On Monday, January 20, 2014 11:44:49 AM Eric Paris wrote:
I think this just touches the surface of what be/have been done.
There
appears to be no logic, consistency, or predictability to audit logs.
Kernel maintainers have not added all the fields I have asked for at some
points. I think it was proposed to add a syscall record to everything which I
absolutely do not want to see. that is too much information.
They are a piecemeal mish mash of information. Every record has
whatever fields it has, not because there is some coherent reason, but
because that's what somebody accidentally put in there when the record
was created.
What is required is this:
1) when it happened
2) who did it
3) what did they act upon
4) what did they do
5) what was the result
#1 is done automatically.
#2 depends on which API the action occurred on and if we have a MAC subsystem
or not. For netlink, we are limited to what rides along in the skb. For the
syscall interface, we have everything. For actions through /proc, we probably
can have everything. Then there are various events embedded in the kernel
like the IMA events which trigger when they get loaded. So, what is necessary
to identify the subject? In descending order of importance: auid, uid, ses,
tty, pid, subj, exe, comm, euid, gid, egid, everything else.
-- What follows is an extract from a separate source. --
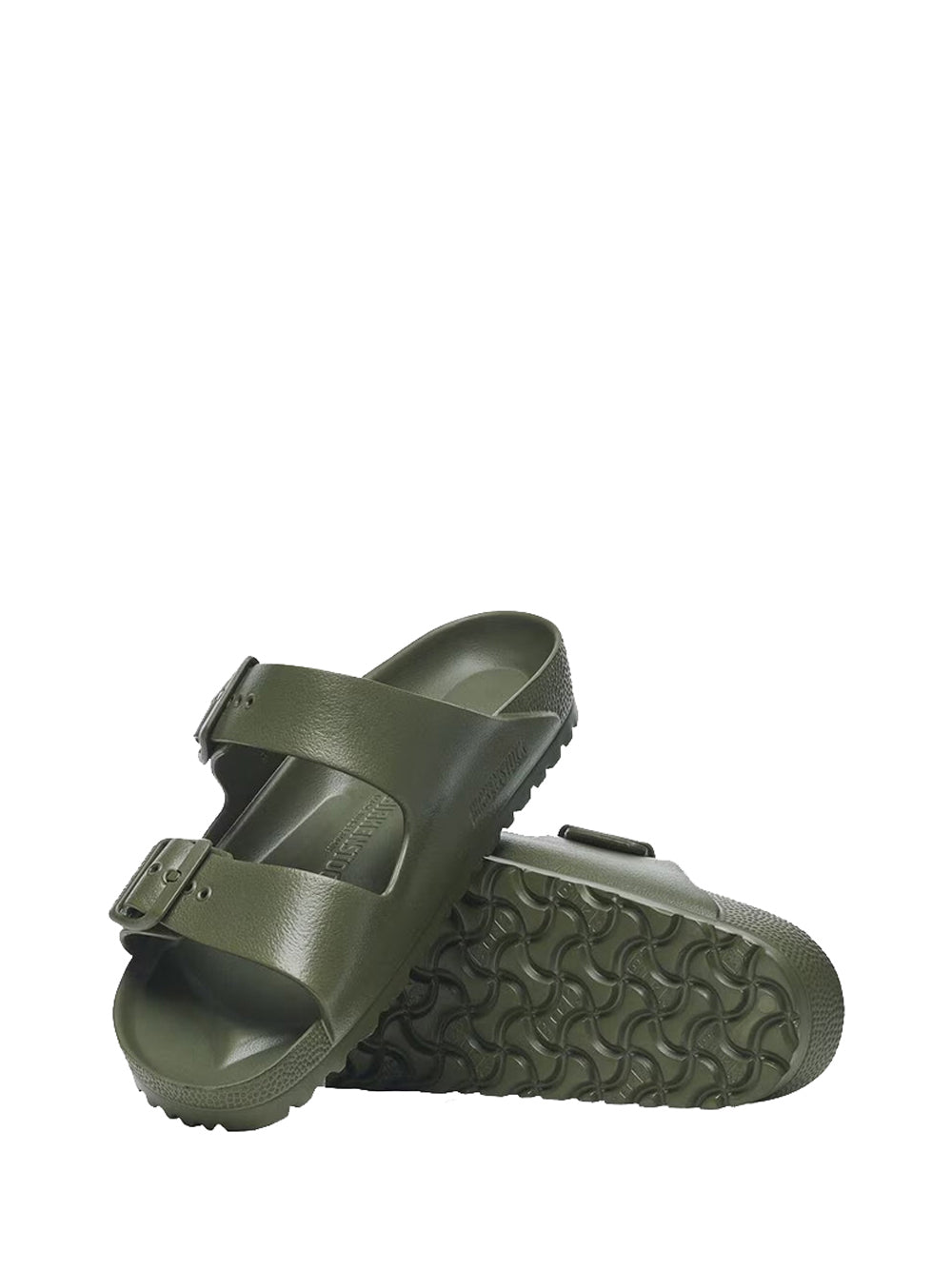 Birkenstock Ciabatte Arizona Eva - Verde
#3 is usually given by auxiliary records such as PATH, OBJ_PID, EXECVE, etc.
They should include fields that make it possible to know exactly what was acted
upon such as device, inode, ownership/group, permissions, object labels, or
whatever it takes to know what was being manipulated depending on what it
actually is.
#4 is given by the event type. In cases where the event type is multiplexed,
we need a op= field to say what operation is being performed. This is trusted
information and never under attacker control and should never be logged as an
untrusted string. In cases where there might be a space between words, just
convert the space to a dash.
#5 This is a simple res= field.
That said...whatever we have right now, the audit utilities looks for that and
only that. If we suddenly added a bunch of new fields, I still have to support
all the mistakes of the past. The 2.x user space audit code supports all
kernels since 2.6.16. Because there is no way to tell when features got added
to what kernels, it will always have to support the whole mess. All of it.
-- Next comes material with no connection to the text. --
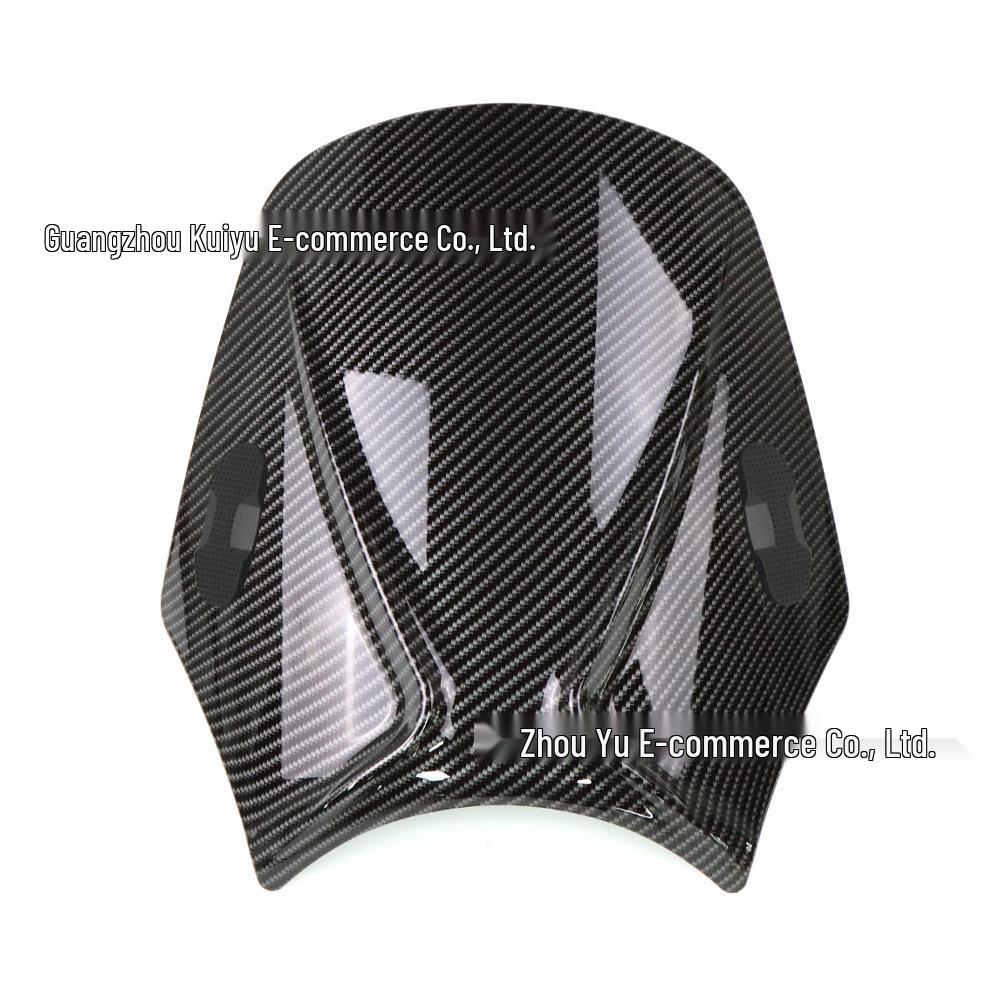 Compatible Windshield for Honda REBEL CMX 300/500/1100.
With or without the (proposed) new fields present.
This is a great example. The only things we log are the pid and
uid.
The information in the uid field is actually useless (given the
uid==new-auid but anyway) but clearly for searching reasons it makes
sense. But, why is pid and uid enough? Why not selinux context? Why
not ppid? Why not all of the *id's (gid, fsuid, etc.) Why not comm?
why not tty?
Because kernel maintainers didn't add it.
What is the minimal set of information we should be sending with
every
record that uniquely identifies a process? Why is every record it's own
little world?
To save disk space. That is paramount. We cannot add syscall to everything
without eating up a lot of disk space. The main thing to remember is that
people who really use auditing never have enough disk space to keep everything
they want. So, we should always consider doing anything possible to minimize
disk usage no matter what.
I know we grew organically to get here, but I'd really
like to find a consistent usable future...
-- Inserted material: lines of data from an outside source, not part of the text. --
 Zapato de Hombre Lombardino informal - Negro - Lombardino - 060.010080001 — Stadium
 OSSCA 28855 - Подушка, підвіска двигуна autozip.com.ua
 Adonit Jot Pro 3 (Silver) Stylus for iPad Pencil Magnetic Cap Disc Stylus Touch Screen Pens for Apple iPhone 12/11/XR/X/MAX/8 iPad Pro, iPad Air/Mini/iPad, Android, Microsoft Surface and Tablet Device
Maybe we don't need everything from a syscall record in every record,
but there is some meaningful subset which identifies a process and user.
What is that subset?
See above.
HTH...
-Steve
On Fri, 2014-01-17 at 18:34 -0500, Richard Guy Briggs wrote:
> I missed posting this before the holidays. I discovered this while adding
> other information to other message types.
>
> It seemed to me that loginuid changes were significantly missing context
> references. This patch adds that. Is this sufficient, or is there more
> information missing too? If this is sufficient, stop reading this cover
> letter and review the patch. If it is not sufficient, keep reading
> below...
>
> The question has been raised that perhaps we should be switching this to
> use audit_log_task_info() istead which adds a whole lot more information
> about this task.
>
> In the existing message
>
> pid
> uid
>
> are already given, before
>
> old-auid
> new-auid
> old-ses
> new-ses
>
> .
>
> The function audit_log_task_info() gives:
> ppid
> pid
> auid
> uid
> gid
> euid
> suid
> fsuid
> egid
> sgid
> fsgid
> tty
> ses
>
> comm
>
> exe
> res
>
> .
>
> So,
>
> pid
> uid
>
> are in the right order, along with
>
> new-auid (auid)
> new-ses (ses)
>
> but if we give the
>
> old-auid
> old-ses
>
> values first, then call audit_log_task_info(), the old values will preceed
>
> pid
> uid
>
> .
>
> Is this re-ordering acceptable to gain more information and reduce code
> duplicity?>
> Richard Guy Briggs (1):
> audit: log task context when setting loginuid
>
> kernel/auditsc.c | 1 +
> 1 files changed, 1 insertions(+), 0 deletions(-)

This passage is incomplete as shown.